In recent years, there has been significant progress with DL methods in the drug discovery field with many models employing a convolutional framework. Convolutional neural networks (CNN) leverage convolutions to infer features directly from input tensors, usually images. CNNs have shown potential in virtual screening .and binding affinity prediction. A number of methods have been proposed to capitalize on the power of DL scoring functions. MedusaNet uses a CNN within the docking pipeline to guide the sampling of the base docking method.The base docking method, Medusa, provides a variety of ligand poses. The CNN evaluates the 3D coordinate representation of the poses to determine if a pose should be retained. Nguyen et al. describe a generative adversarial network (GAN) for pose prediction. Their network utilizes an encoder with low-dimensional mathematical representations of the protein-ligand complex and a decoder utilizing convolutional layers to generate and rank ligand poses for the D3R grand challenge. Masuda et al.use a receptor structure as the prior to their GAN to sample novel ligands appropriate to the identified binding site.

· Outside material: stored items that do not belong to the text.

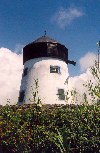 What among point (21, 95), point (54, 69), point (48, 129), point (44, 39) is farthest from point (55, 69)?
point (48, 129)

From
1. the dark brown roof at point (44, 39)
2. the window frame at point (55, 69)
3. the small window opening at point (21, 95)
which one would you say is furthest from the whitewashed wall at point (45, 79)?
the dark brown roof at point (44, 39)

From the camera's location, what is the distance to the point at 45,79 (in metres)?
29.0

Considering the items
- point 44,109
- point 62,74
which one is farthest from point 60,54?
point 44,109

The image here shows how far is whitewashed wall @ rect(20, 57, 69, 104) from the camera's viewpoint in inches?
1094

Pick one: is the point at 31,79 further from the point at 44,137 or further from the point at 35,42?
the point at 44,137

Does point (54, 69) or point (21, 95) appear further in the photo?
point (54, 69)

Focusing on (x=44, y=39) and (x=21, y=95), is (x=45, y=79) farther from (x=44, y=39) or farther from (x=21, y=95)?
(x=44, y=39)

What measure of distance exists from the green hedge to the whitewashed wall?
1254cm

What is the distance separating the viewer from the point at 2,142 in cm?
1362

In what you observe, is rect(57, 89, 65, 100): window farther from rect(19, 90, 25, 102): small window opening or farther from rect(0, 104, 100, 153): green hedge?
rect(0, 104, 100, 153): green hedge

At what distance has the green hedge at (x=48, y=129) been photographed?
12.4 meters

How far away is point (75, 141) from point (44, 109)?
9.94ft

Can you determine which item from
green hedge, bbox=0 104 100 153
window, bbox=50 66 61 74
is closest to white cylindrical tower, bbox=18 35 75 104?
window, bbox=50 66 61 74

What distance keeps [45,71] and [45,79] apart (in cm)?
111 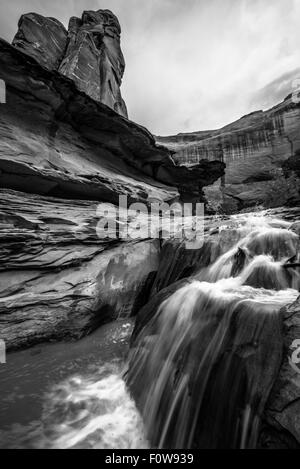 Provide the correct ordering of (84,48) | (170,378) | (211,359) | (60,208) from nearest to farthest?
(211,359)
(170,378)
(60,208)
(84,48)

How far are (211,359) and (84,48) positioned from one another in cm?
2740

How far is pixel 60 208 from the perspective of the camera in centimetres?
904

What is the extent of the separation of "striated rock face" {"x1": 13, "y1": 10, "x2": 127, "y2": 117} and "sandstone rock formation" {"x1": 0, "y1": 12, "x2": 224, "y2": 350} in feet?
38.1

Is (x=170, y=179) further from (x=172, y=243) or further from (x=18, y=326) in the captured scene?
(x=18, y=326)

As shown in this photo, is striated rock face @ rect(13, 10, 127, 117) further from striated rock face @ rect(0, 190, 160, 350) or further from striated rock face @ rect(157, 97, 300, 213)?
striated rock face @ rect(0, 190, 160, 350)

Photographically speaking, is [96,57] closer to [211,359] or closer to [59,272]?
[59,272]

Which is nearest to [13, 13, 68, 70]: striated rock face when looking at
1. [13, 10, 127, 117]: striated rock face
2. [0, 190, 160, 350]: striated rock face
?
[13, 10, 127, 117]: striated rock face

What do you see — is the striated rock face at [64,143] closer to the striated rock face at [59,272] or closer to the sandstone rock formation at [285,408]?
the striated rock face at [59,272]

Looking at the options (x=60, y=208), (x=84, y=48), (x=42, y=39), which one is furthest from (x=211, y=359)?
(x=42, y=39)

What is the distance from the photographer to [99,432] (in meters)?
3.60

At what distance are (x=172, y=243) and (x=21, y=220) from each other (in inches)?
193

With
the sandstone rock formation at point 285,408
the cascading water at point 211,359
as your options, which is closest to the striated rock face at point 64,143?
the cascading water at point 211,359

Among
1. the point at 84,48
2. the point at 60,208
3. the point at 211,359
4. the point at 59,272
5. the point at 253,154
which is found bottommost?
the point at 211,359

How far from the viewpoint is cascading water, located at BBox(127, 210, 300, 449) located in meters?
2.94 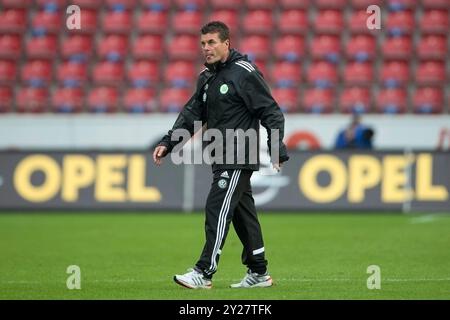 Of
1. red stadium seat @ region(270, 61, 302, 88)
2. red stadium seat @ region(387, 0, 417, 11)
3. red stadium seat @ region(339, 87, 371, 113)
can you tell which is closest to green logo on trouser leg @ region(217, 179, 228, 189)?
red stadium seat @ region(339, 87, 371, 113)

Previous work has largely evaluated deep learning protein-ligand scoring on already generated poses. In this work, they describe and comprehensively evaluate version 1.0 of the GNINA molecular docking software, a fork of SMINA and AutoDock Vina that supports CNN scoring as an integral part of the docking workflow. GNINA is evaluated here for its ability to properly score and rank binding poses for protein-ligand complexes. They describe how the default settings which balance docking accuracy and runtime were determined, including the selection of a default ensemble of CNN models. Performance of GNINA is evaluated for the redocking, cross-docking, flexible docking, and whole protein docking tasks and is found to significantly outperform SMINA/Vina in all cases.
1. Mcnutt AT, Francoeur P, Aggarwal R, Masuda T, Meli R, Ragoza M, et al.. GNINA 1.0: molecular docking with deep learning. Journal of Cheminformatics. Journal of Cheminformatics; 2021;13(1).